ENTRIES PROVIDED:
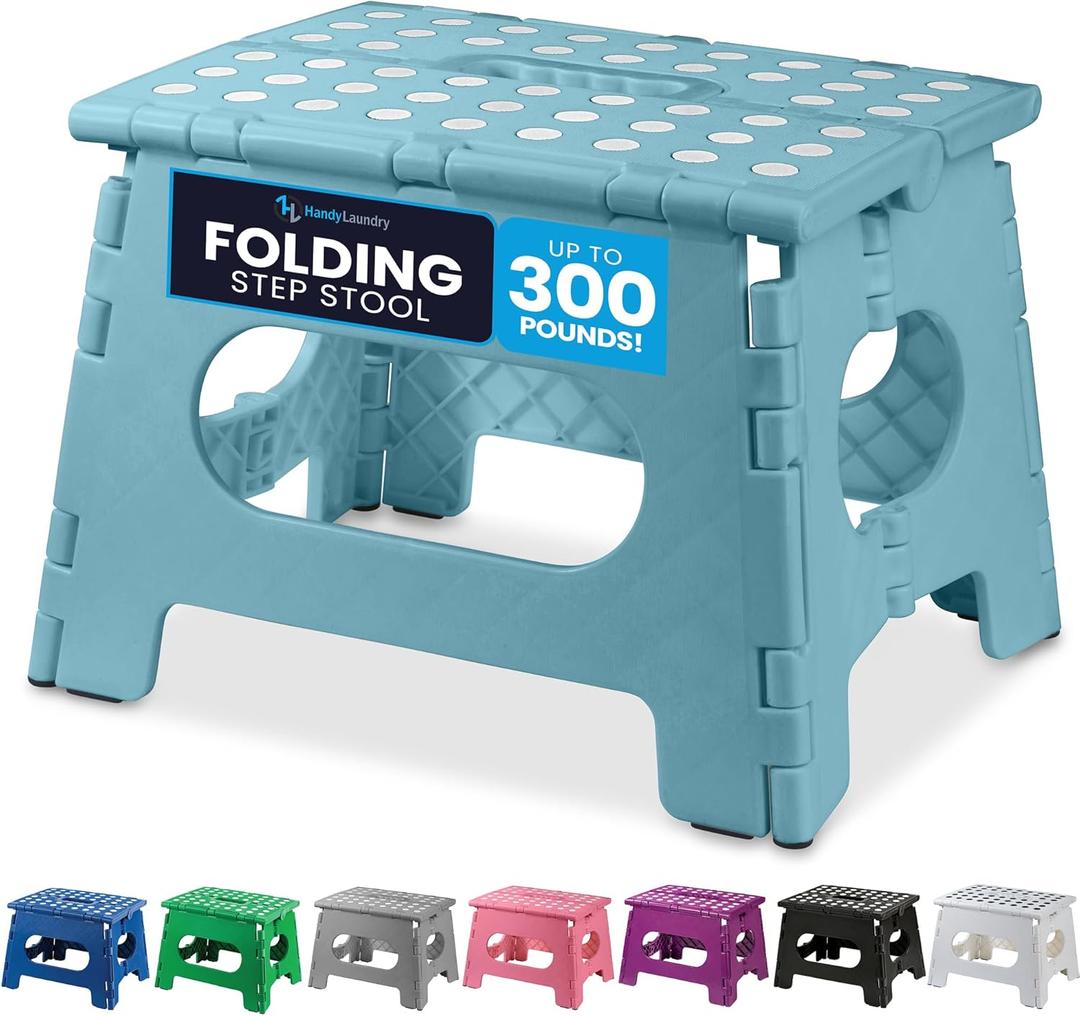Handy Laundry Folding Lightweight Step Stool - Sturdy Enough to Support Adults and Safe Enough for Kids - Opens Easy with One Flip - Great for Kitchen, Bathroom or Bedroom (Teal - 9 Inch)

* * *

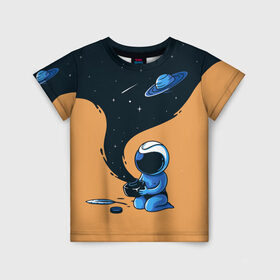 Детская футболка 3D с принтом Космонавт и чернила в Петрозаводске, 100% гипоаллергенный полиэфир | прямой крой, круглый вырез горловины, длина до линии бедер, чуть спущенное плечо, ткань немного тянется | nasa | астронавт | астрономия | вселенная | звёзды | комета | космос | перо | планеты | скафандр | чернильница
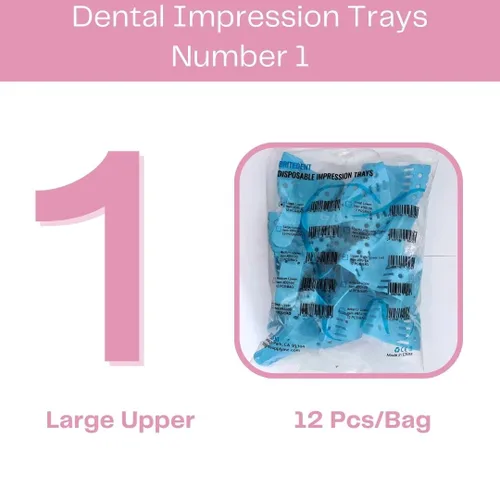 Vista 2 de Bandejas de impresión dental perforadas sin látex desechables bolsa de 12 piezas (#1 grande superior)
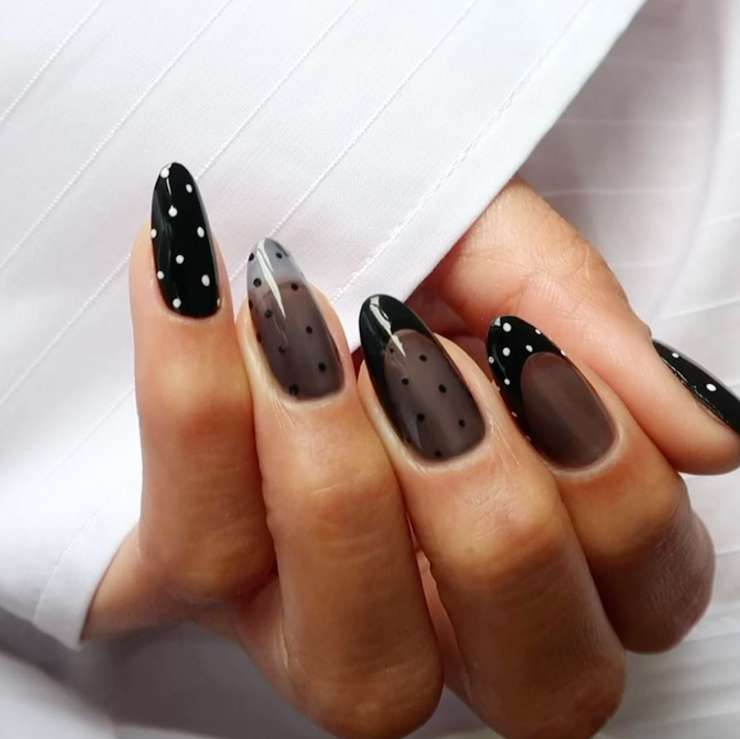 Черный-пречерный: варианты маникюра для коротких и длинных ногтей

* * *

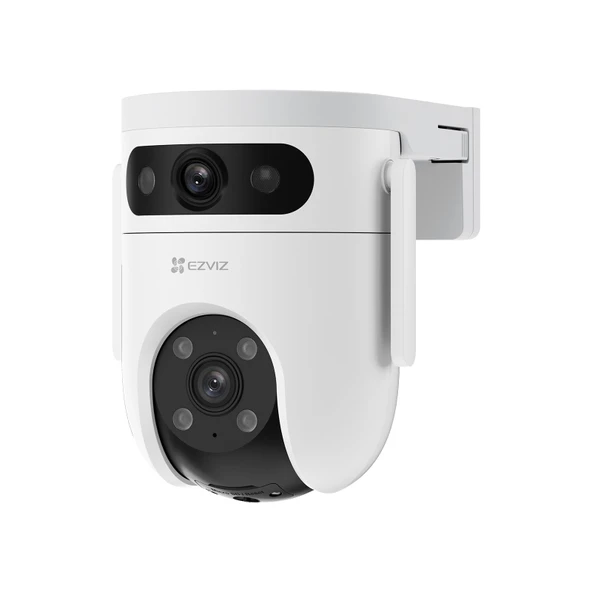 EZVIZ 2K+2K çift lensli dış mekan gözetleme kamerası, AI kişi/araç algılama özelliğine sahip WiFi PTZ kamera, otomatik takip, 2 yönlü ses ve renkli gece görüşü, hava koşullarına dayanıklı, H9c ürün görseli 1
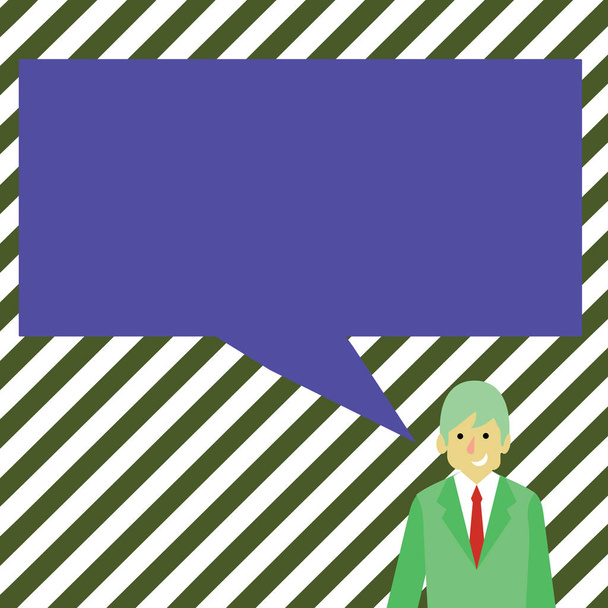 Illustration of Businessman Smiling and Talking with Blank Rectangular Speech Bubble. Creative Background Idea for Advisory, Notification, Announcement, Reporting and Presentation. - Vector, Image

WHAT YOU WILL DO:
From the entries above, copy exactly the lines starting at the one with "Vista 2 de Bandejas" and stopping at the one with "Черный-пречерный: варианты маникюра", keeping both ends. Drop the pictures.

THE COMPLETED TASK:
 Vista 2 de Bandejas de impresión dental perforadas sin látex desechables bolsa de 12 piezas (#1 grande superior)
 Черный-пречерный: варианты маникюра для коротких и длинных ногтей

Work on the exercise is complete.